#### GIVEN INFORMATION
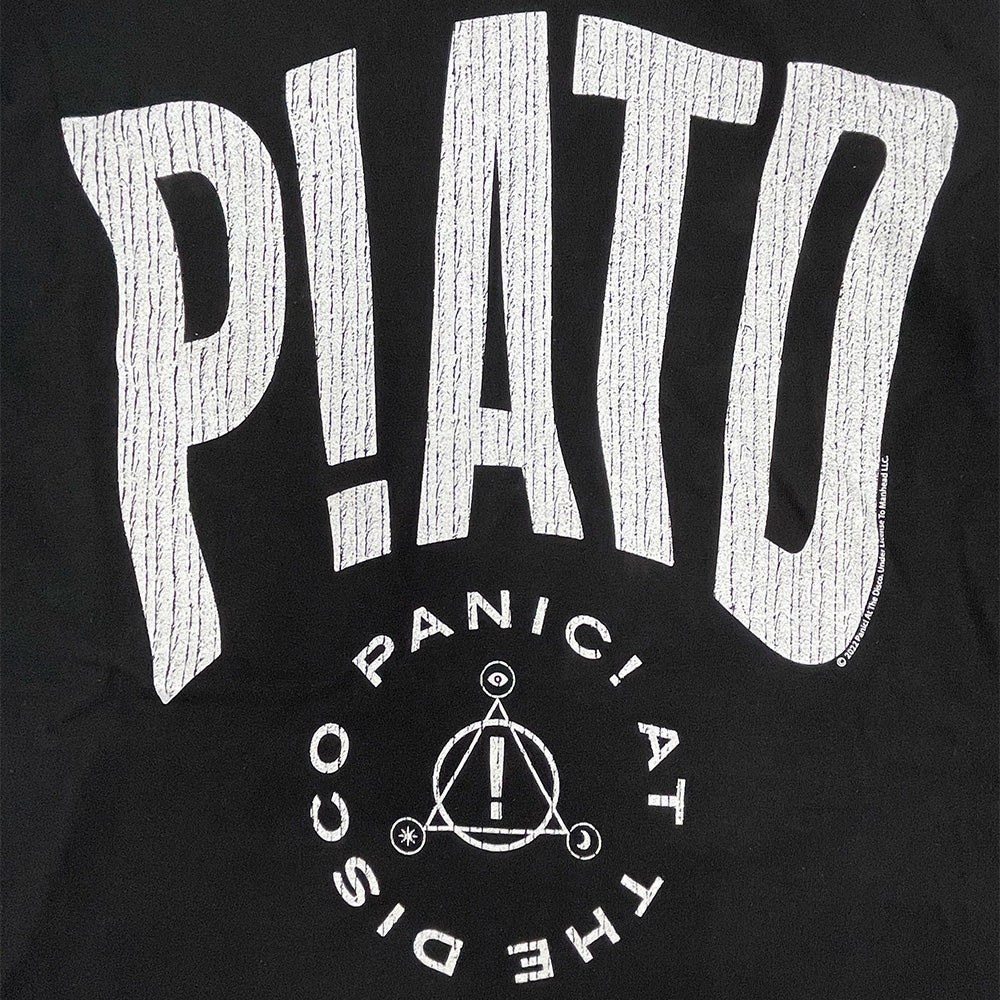 PANIC! AT THE DISCO 'WAVE' T-SHIRTâ€‚â€‚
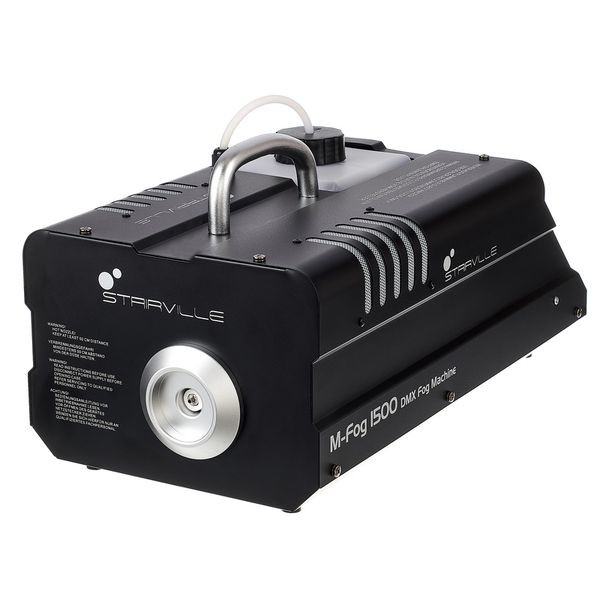 Stairville M-Fog 1500 DMX Fog Machine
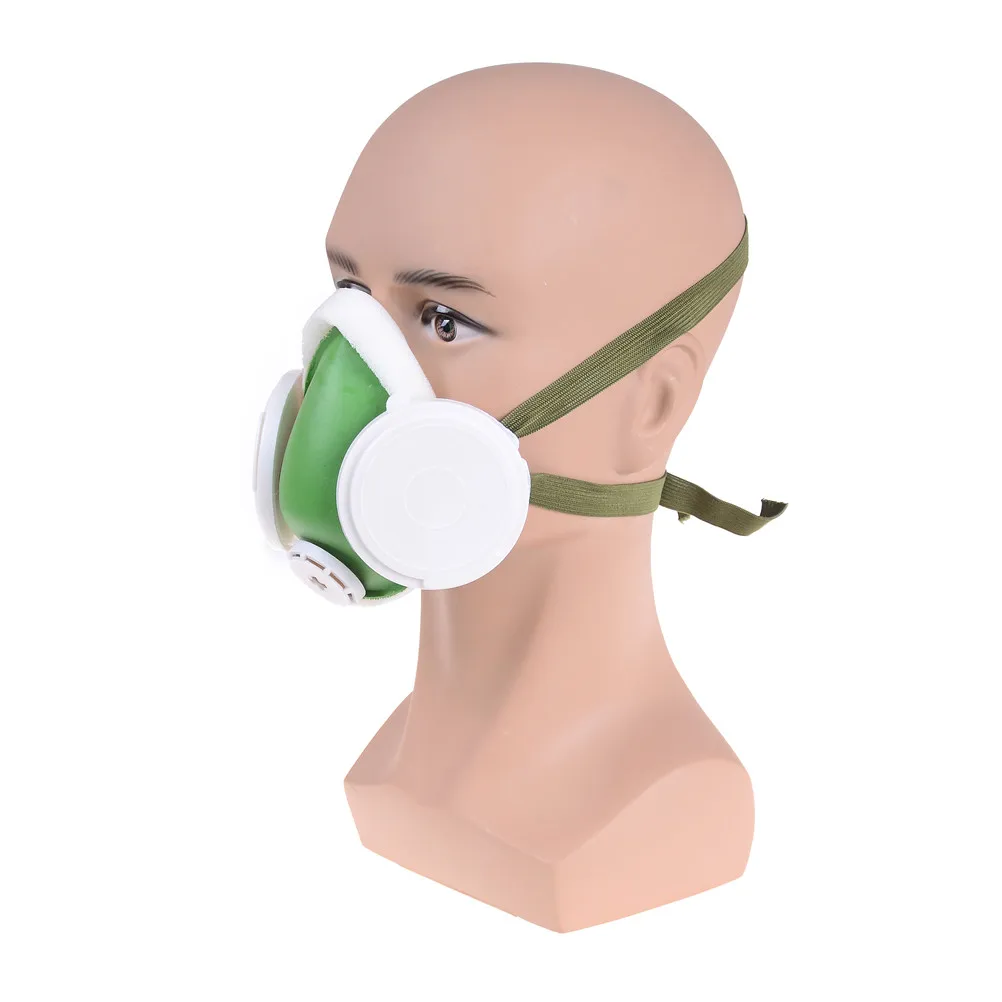 Промышленная противопыльная респиратор 1 шт. для сварки краски картридж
########
** TASK INSTRUCTIONS **
Give an exact copy of the material, leaving out every picture.

** THE ANSWER **
 PANIC! AT THE DISCO 'WAVE' T-SHIRTâ€‚â€‚
 Stairville M-Fog 1500 DMX Fog Machine
 Промышленная противопыльная респиратор 1 шт. для сварки краски картридж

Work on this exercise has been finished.